Now the climate is different. "You have Judi Dench, Cate Blanchett, Emily Watson - virtual unknowns in America - up for Oscars in low-budget films," says Chris Pickard. "Gwyneth Paltrow has made virtually her entire reputation on low-budget movies. It's not about fame now, it's about knuckling down and delivering the goods - or else." For example, two years after making Pulp Fiction for peanuts (and being grateful for it), John Travolta was offered $17m - by far the biggest fee of his career - to star in a comedy, The Double, to be directed by Roman Polanski in Paris. Travolta demanded a private jet, and insisted that his studio shipped a $200,000 trailer across the Atlantic to the set ahead of filming. Then Travolta turned his attention to more creative matters, and effectively the right to "direct" the director. He tried to get Polanski replaced, agreeing to pay the director's $3.25m salary. The movie ended up being aborted.
More significantly, stars are now required to attend premieres, press junkets and trade shows all over the world - and often the number of days they must leave free to promote their films are written into their contracts. Sometimes even the number of media interviews are specified.
But the biggest change in attitude is that big stars are expected to shoulder some financial risk. These days nearly all the big pay cheques are linked to box-office performance. For example, Tom Hanks might end up making $40m out of Saving Private Ryan but he didn't receive a cent up front, having agreed to forgo his regular acting fee in return for a slice of the film's box-office haul. This means the film studios that backed the film, Steven Spielberg's DreamWorks and Paramount, could bring in the ambitious war epic for a bargain $68m. Tom Cruise recently agreed to the same terms to star in Spielberg's sci-fi Minority Report and last week Nicolas Cage struck a similar deal to star in a remake of the car-thieves yarn, Gone in 60 Seconds.
Of course, the chance to earn $20m-pounds 40m a picture can hardly be sniffed at, but the point is, nothing is guaranteed. Kevin Costner's last film, The Postman, was a turkey but for his next film, Universal Studios went along with all the usual star demands. For example, his personal trainer/nutritionist was paid $4,500 a week on location and she stayed in the Four Seasons hotel for three months. The estimated cost of the driver and trailer alone for Costner's personal hairstylist, personal wardrobe assistant and personal make-up artist was $50,000. Only there was a big catch - Universal would only agree to finance the film if Costner agreed to forgo his entire salary in exchange for a larger-than-usual percentage of the first-dollar gross. If his next film grosses more than $100m Costner will receive his customary haul, say $20m. But this is a big if: The Postman only grossed $25m worldwide.

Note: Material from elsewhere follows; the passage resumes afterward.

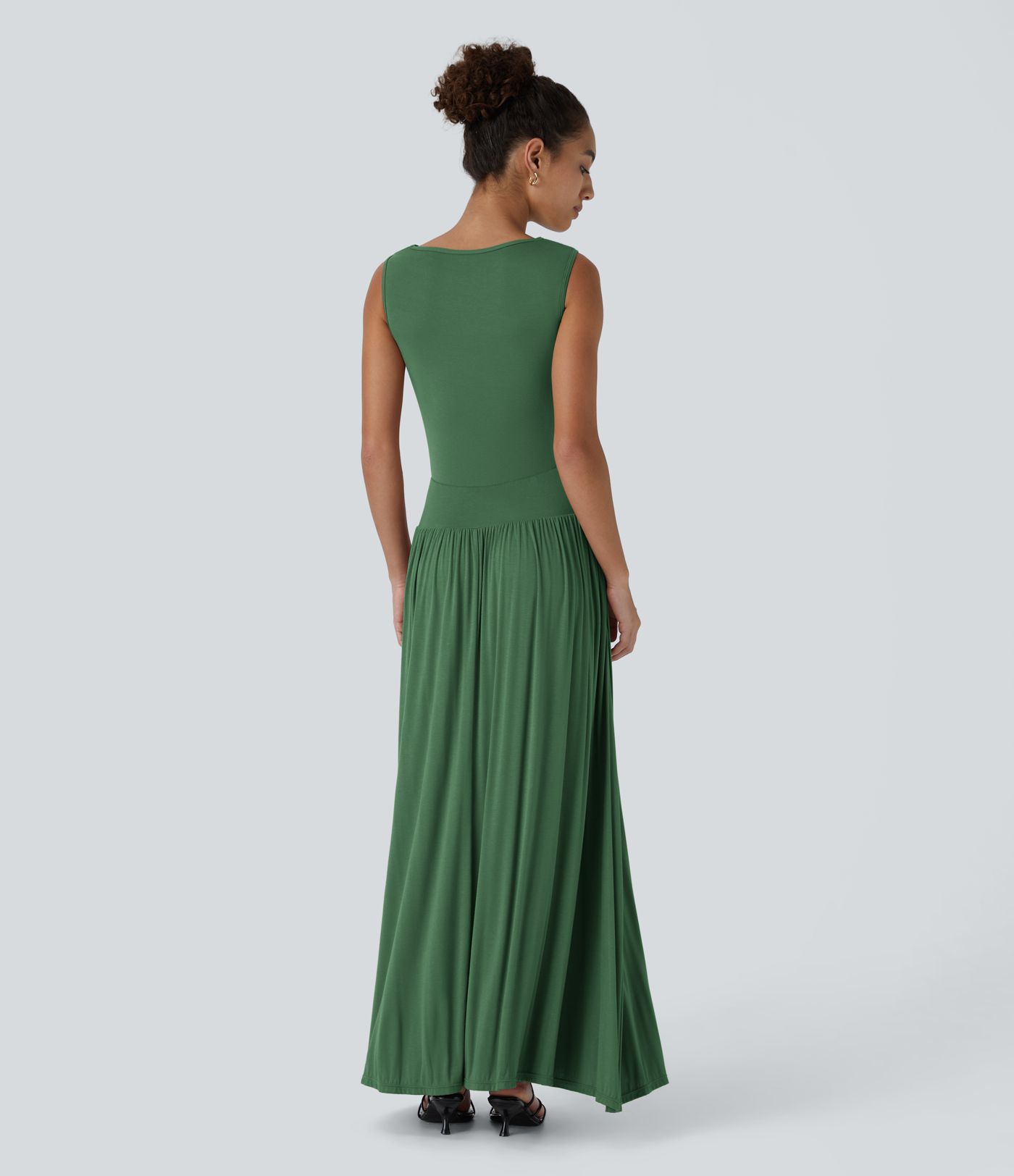 Robe longue décontractée à encolure bateau, bretelles asymétriques, côtés froncés et poches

Ironically, demands may be further chastened by the very people who helped to drive them up in the past few years. Big stars, such as Cruise, Willis and Gibson, have all started to produce their own films and when once responsible for budgets they might question whether laying on a private jet to transport yellow M&Ms to the middle of the jungle is such a smart move.
Meanwhile, last month Titanic's James Cameron, who was behind the most expensive film of all time, recently admitted that it is now possible for computers to create completely synthetic "virtual" actors. Leonardo must be quaking in his Manolo Blahniks.